Le soulèvement – Honoré Daumier

Après une semaine encore riche en émotion, Canal + a annoncé avoir signé un accord après des négociations de gré à gré avec la LFP pour diffuser la fin de saison de la L1. Ce choix a été salué par la critique, permettant à la chaine cryptée de faire un coup de maitre en diffusant à moindre coup un produit phare de sa grille et à la LFP de faire rentrer de l’argent dans la caisse des clubs. Cependant, suffisant pour permettre la permanence du système en place ? Rien n’est moins sûr.
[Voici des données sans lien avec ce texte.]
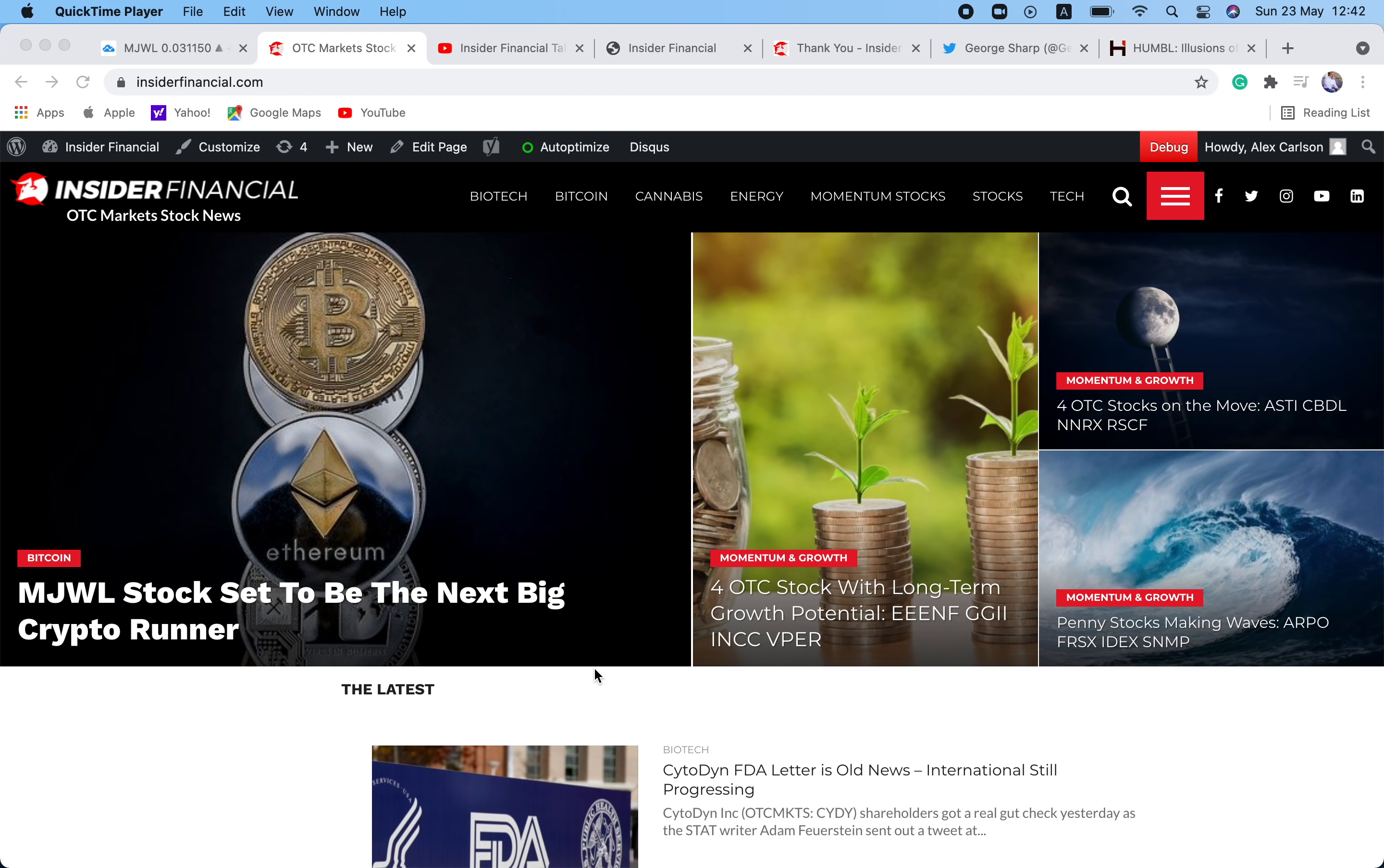Hello everyone, and welcome to another episode of Insider Financial Talks Penny Stocks. My name is Alex Carlson. I will be your host today. I am the editor-in-chief of InsiderFinancial.com, and today we're going to be doing a new video this weekend, going over the last week in the OTC markets and taking a look at my outlook for the coming week.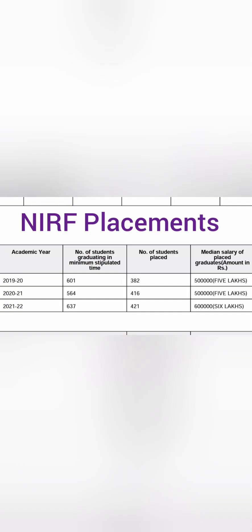They have not provided any breakup of all the offers and salary levels but this is the NIRF placement data which is available on the college website for the last three years.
Par un tweet assez classique, Maxime Saada, le PDG ou CEO pour les anglophones (ou les bandeurs du libéralisme) de C+ officialisait le retour de la L1 « à la maison ». Exclu du dernier appel d’offre qui avait vu Mediapro faire péter les revenus, hypothétiques, Canal était passé par la petite porte pour pouvoir diffuser quelques matchs de L1 via la location du fameux lot 3 remporté par BeIN sport. Après de longs mois à attaquer la LFP, le prix trop cher de ces droits et prévoir la chute de Mediapro, C+ est revenu dans la danse pour sauver le football français après l’avoir fait grandir, cependant, peut-on être satisfait ?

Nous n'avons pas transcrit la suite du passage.